Sydney’s Fvneral Make An Emotional Impact On Debut Single ‘God Damn LEDs’
Building upon a shared love for music, storytelling and exploring the human experience through art’s different mediums, Sydney indie group FVNERAL make their debut with GOD DAMN LEDS. The first single from the seven-piece collective lands with instant emotional impact and it’s no surprise when discovering the sonic body of work the members have already helped produce.
Having already spent years writing and producing with Australian favourites including Birds Of Tokyo, Middle Kids and Stand Atlantic, and collaborating on creative projects with international powerhouses such as Frank Carter & The Rattlesnakes, The Struts, Neck Deep and many, more FVNERAL’s debut offering is a strong and confident step forward into a spotlight all their own.
GOD DAMN LEDS is an expert blend of heart warming and melancholic indie-folk sounds, and speaks to threads of optimism and hope that can keep us going, even in the hardest of times. The song sets a stunning scene within which FVNERAL’s forthcoming music will continue to thrive. From the jump, listeners can be soothed by the vocal dynamics of vocalists Tim Blunt and Ally Turner. Their voices provide the beating heart of a song like God Damn LEDs, which at its core, is about finding safety and relief in the help of someone else. The band gives Hi Fi Way more insight to their new music.
How has the build up been to the new single God Damn LEDS?
Honestly the build up to releasing this first song probably really started around two years ago, when the first songs that would eventually become FVNERAL songs started getting penned. It was genuinely terrifying to put out the first song and first video after the entire project spent so long formulating and crystalising in our minds.
What is the background behind the single?
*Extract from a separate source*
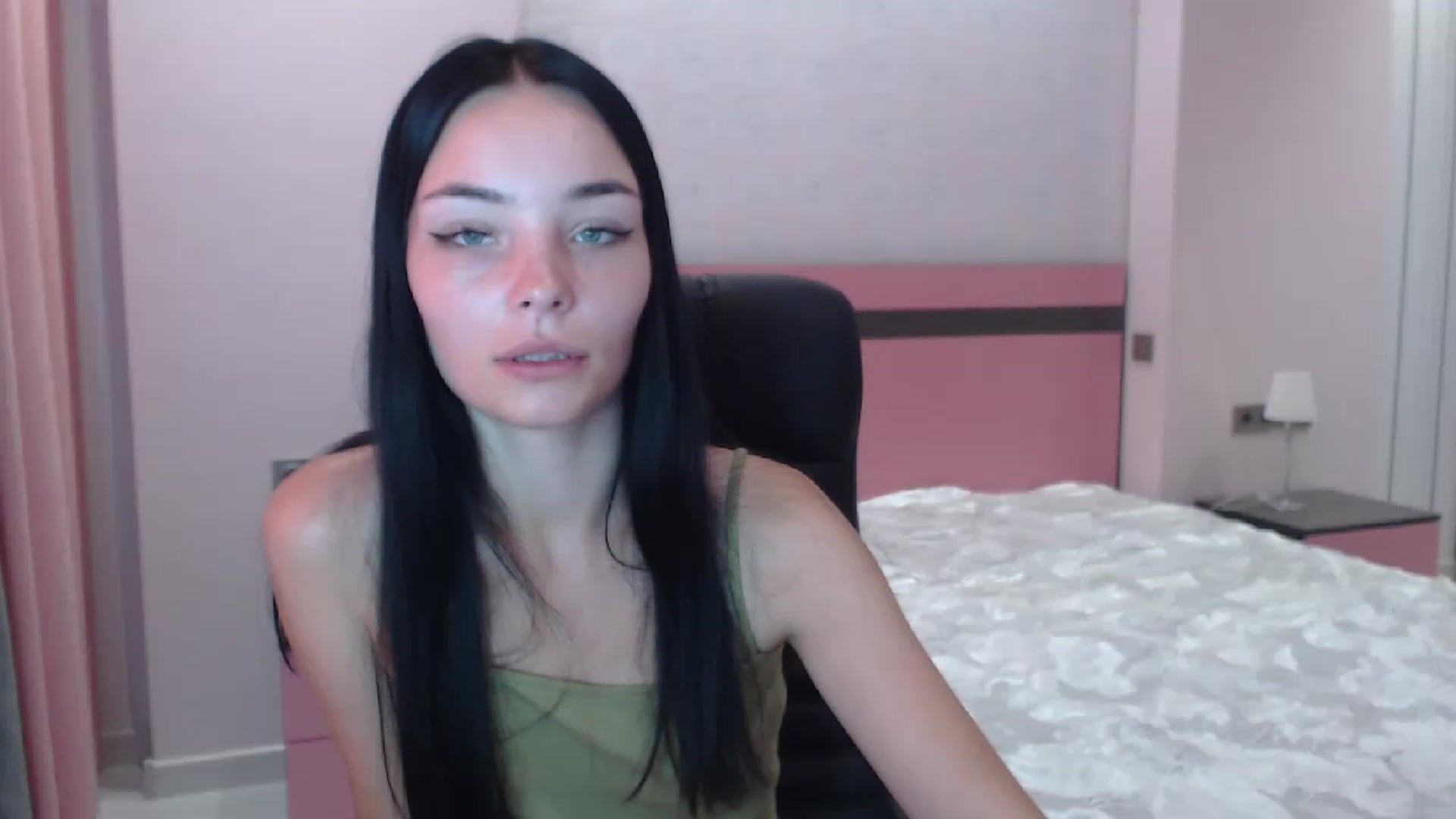 Gallery image thumbnail from SonyaOlsen's myfreecams stream on, 07/29/2023, 10:34 image 1 of 20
GOD DAMN LEDs is speaking directly to someone who makes you feel seen, heard and important enough to stay alive. The lyrics in the pre-chorus describe the moment you lower your guard and let this person take the emotional driver’s seat when you feel like it’s not safe for you to drive. It’s as desperate-making as it is cathartic to realise that someone else has taken the responsibility for your own wellbeing onto their shoulders. While it is an incredibly unfair and ultimately unsustainable expectation to put on someone, there’s still something beautiful about feeling safe enough to let it happen, even if only for a moment.
What has the fan response been like so far?
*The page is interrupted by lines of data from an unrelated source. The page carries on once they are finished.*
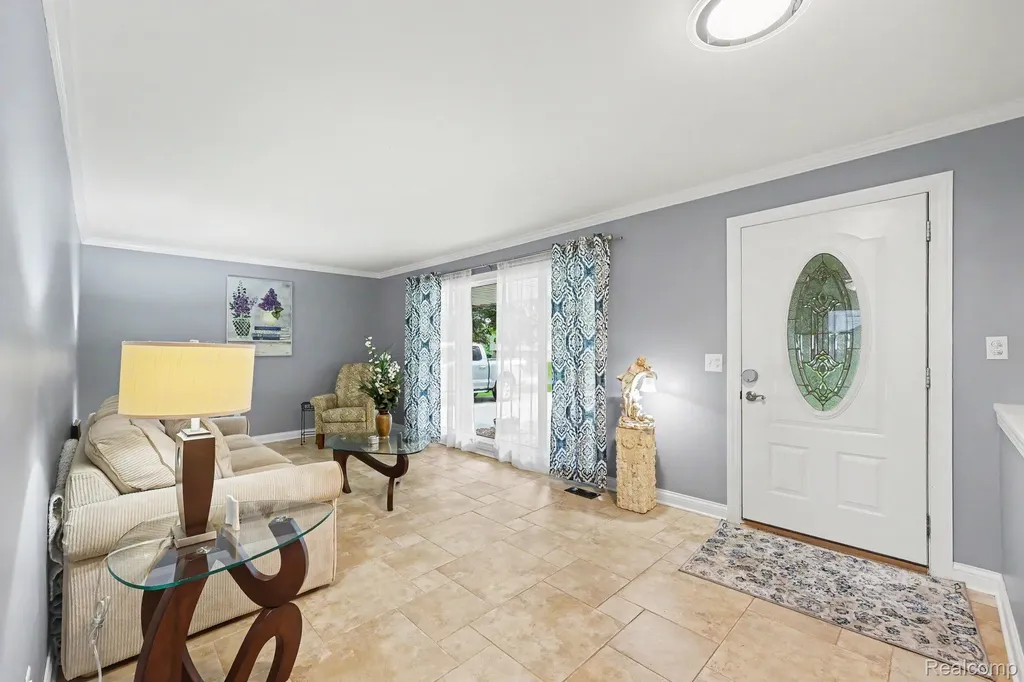 13555 Terry Drive Shelby Charter Township MI 48315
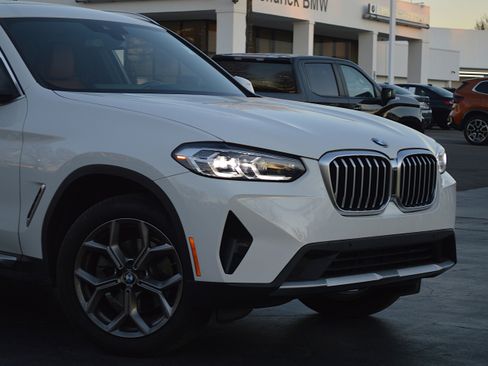 Used 2022 BMW X3 xDrive30i w/ Premium Package 2 (ZPA) image 2
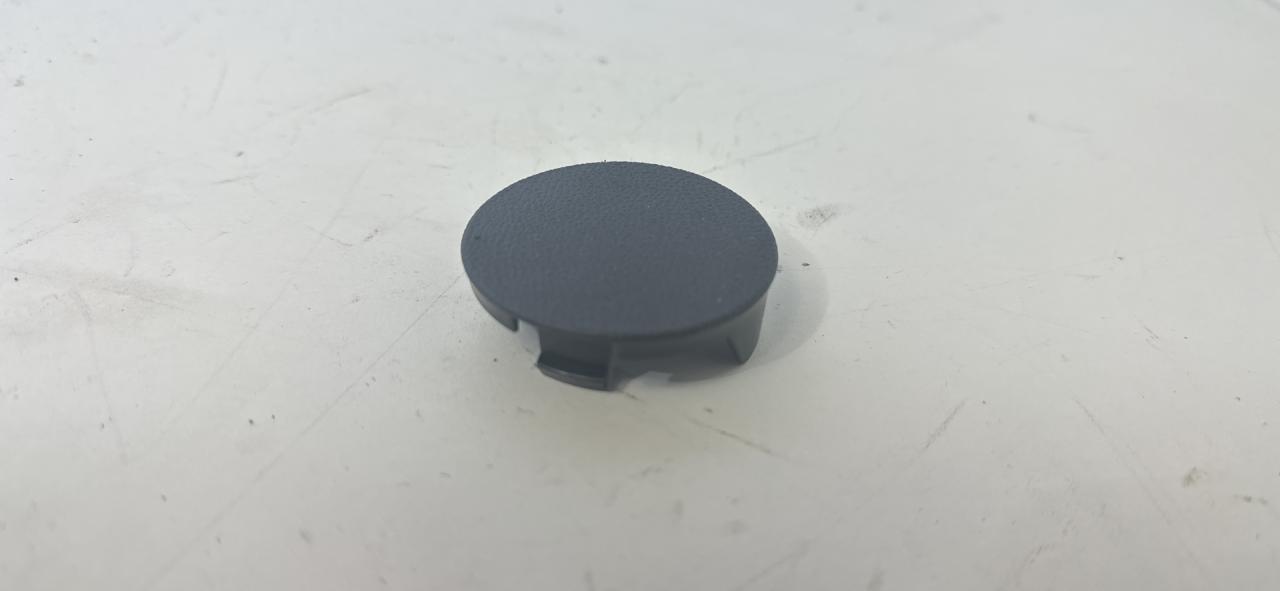 консоль салона GMC Terrain 2 поколение 2018, 2.0 л., бензин, АКПП, серый, передний привод - фото №1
It was such a vulnerable feeling to put the song out there to exist in the world outside of our laptops. Now that it’s out there, it’s genuinely so lovely that the song is resonating with some people.
How would you compare it sonically to some of your other music?
LEDs is definitely more on the rock-y side of things. A lot of our stuff leans more into the folk realm, but the common thread that ties it all together is a build-up of tension and release into something expansive and atmospheric.
Is the band building towards an album or EP?
Well, all will be revealed in the months ahead but yeah, LEDs is the first piece of a much bigger body of work that we’ve been working on. It’s been a long process of bringing the whole thing to life and we’re really excited to start drip-feeding it to the rest of the world!
What was it like and how did the collaborations with The Struts, Neck Deck and Frank Carter & The Rattlesnakes come about?
I (Jay) was lucky enough to link up with these wonderful artists throughout the UK, EU and here in Australia, helping create content to elevate their online presence. It was a chance to intimately document the lives and times of some of the world’s most exciting alternative acts, right as they began to skyrocket into the mainstream. From weeks together on tour-buses across Europe to Maida Vale sessions in the UK and the Enmore in Sydney, from stage dives in Amsterdam to dive bars in Melbourne, from hotels we paid for and hotels we snuck into, from soggy festival tents to old bank vaults in Switzerland, it was all part of chronicling their different stories.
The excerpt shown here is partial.